Il étais une fois la Révolution m'étais à ce jour encore resté inédit. Longtemps déjà je m'étais fait la réflexion sur le fait de me bouger et de le voir ... Ce fut enfin le cas ! Il étais une fois la Révolution emprunte une veine Tragi-Comique qui se définit en deux étapes : - La première, la rencontre de nos deux protagonistes nous plongent dans les rires. Ils sont d'ailleurs assez bavards, les échangent sont fameux et rappel Le Bon, La Brute et le Truand sur bien des points. La seconde partie est quand à elle bien plus obscur, la tournure se fait progressivement, avec l'avancée de l'histoire et laisse entrevoir les hommes brisés, détruit et rattrapés par le chagrin. Le silence mortuaire de cette seconde partie tranche donc avec le bon mot du commencement. Sergio Leone aime ces êtres de chairs et de sang, il confère comme toujours à ces personnages une réelle dimension humaine et les regarde avec des yeux compatissants. La conversation pleine de sens entre Mallory ( James Coburn parfait ) et le Dr Villega en est le meilleur des symbole. La Révolution dont il est question à travers de ces deux heures est des plus métaphorique, aucun de ces deux types n'est tellement convaincu par celle-ci, le résumé de Juan ( Rod Steiger roublard et magnifique ) dans une séquence mémorable par ailleurs contribue à la pensée de Mallory. Le long métrage en lui même est très difficile, il relate l'histoire des humiliés, de ces hommes poussé à la marge ... Cette fin si brutal ne laisse rien derrière elle, elle efface tout !

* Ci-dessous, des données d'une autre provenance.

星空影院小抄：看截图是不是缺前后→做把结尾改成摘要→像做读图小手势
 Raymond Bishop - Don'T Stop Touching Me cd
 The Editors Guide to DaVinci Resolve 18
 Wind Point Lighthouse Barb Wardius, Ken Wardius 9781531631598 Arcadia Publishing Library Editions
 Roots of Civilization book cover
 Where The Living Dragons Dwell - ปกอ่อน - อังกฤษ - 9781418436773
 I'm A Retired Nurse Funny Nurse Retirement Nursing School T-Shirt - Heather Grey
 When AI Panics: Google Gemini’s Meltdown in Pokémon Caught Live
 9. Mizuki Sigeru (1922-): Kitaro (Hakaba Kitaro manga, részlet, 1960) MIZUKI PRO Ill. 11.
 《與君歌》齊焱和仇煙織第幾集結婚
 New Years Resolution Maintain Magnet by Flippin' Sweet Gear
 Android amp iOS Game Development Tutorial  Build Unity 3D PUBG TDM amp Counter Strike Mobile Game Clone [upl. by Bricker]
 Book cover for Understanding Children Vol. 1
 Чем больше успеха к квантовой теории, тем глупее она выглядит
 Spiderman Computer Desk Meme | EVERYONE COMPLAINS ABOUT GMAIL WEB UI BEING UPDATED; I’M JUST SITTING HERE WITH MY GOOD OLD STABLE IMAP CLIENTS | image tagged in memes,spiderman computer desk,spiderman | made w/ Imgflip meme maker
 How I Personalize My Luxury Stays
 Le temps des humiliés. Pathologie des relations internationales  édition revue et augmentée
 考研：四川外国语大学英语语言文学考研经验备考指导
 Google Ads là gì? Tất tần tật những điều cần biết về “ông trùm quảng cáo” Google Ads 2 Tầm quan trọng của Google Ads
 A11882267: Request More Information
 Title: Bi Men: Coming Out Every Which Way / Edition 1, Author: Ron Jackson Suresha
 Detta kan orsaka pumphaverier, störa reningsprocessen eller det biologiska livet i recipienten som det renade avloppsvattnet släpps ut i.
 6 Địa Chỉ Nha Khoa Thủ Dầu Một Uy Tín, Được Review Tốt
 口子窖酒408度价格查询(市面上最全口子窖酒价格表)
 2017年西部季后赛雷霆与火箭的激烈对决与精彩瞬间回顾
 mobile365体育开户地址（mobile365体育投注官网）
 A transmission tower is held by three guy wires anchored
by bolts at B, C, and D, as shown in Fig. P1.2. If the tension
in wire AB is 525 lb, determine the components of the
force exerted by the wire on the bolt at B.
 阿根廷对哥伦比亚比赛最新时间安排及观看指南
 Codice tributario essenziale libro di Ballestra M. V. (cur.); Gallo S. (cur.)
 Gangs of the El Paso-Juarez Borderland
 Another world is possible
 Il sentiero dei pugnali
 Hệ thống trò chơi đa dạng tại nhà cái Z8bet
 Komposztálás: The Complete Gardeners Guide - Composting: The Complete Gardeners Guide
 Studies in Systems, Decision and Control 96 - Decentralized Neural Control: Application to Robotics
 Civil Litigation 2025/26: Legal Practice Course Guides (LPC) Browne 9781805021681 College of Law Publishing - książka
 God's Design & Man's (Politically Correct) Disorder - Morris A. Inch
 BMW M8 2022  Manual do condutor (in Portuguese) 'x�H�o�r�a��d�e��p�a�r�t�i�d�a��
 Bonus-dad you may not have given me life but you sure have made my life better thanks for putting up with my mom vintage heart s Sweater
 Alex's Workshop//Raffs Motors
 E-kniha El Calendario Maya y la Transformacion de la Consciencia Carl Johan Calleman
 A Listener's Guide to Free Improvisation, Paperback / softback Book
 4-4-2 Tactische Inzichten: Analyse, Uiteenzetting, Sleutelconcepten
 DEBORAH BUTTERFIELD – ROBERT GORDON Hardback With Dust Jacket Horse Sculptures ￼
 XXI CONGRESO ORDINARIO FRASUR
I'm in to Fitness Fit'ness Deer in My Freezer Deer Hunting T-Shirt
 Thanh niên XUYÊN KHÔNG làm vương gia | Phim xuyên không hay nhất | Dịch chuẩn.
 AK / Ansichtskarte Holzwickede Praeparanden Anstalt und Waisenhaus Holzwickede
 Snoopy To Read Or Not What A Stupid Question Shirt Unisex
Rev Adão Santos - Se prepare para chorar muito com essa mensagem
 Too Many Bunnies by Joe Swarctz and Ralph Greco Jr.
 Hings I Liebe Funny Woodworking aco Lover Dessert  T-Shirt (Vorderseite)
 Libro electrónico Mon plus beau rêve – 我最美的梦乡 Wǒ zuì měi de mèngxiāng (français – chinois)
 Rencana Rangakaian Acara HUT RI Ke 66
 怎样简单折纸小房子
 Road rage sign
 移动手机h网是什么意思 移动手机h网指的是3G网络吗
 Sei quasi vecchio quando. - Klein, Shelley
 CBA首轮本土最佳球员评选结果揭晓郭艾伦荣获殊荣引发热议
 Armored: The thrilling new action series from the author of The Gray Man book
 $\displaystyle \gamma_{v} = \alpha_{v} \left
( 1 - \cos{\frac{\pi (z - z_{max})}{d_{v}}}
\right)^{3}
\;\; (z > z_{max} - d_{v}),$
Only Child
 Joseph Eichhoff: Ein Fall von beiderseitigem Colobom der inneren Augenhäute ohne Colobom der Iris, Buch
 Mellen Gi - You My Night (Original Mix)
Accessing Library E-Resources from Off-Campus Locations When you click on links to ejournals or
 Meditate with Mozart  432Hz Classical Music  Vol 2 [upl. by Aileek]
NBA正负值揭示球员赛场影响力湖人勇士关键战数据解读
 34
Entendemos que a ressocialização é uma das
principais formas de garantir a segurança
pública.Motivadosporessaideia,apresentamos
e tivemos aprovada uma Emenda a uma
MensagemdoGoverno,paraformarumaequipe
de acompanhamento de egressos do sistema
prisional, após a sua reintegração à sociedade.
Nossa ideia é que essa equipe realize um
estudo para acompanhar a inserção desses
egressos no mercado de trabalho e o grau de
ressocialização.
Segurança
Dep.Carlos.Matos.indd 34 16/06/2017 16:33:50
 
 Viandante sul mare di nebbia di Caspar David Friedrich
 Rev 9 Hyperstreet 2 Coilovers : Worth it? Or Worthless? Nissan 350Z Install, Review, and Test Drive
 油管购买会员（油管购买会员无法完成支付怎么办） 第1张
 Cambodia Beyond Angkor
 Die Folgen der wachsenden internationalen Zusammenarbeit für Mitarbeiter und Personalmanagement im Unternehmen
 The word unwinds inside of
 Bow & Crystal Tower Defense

C’est sûrement le moins vu et le moins réputé de la trilogie de Leone mais quel grand film. Il démarre sur une scène d’introduction d’anthologie alliant humour et grand spectacle. Puis il enchaîne dans le plus pur style Leonien avec des personnages qui sont icônisés et entraîne chez moi une fascination de tout instant. Si le début du film joue beaucoup sur l’humour et l’ironie il instille dès le départ un discours politique sur les rapports de classe, de domination et de révolte d’abord sur un ton sarcastique mais de plus en plus dramatique au fur et à mesure que le film avance. Il y a bien sûr la fantastique musique d’Ennio Morricone, un casting de vraies gueules de cinéma. C’est grandiose sans être pompeux c’est maitrisé de A à Z, cela dure deux heures et demie et on ne les voit pas passer.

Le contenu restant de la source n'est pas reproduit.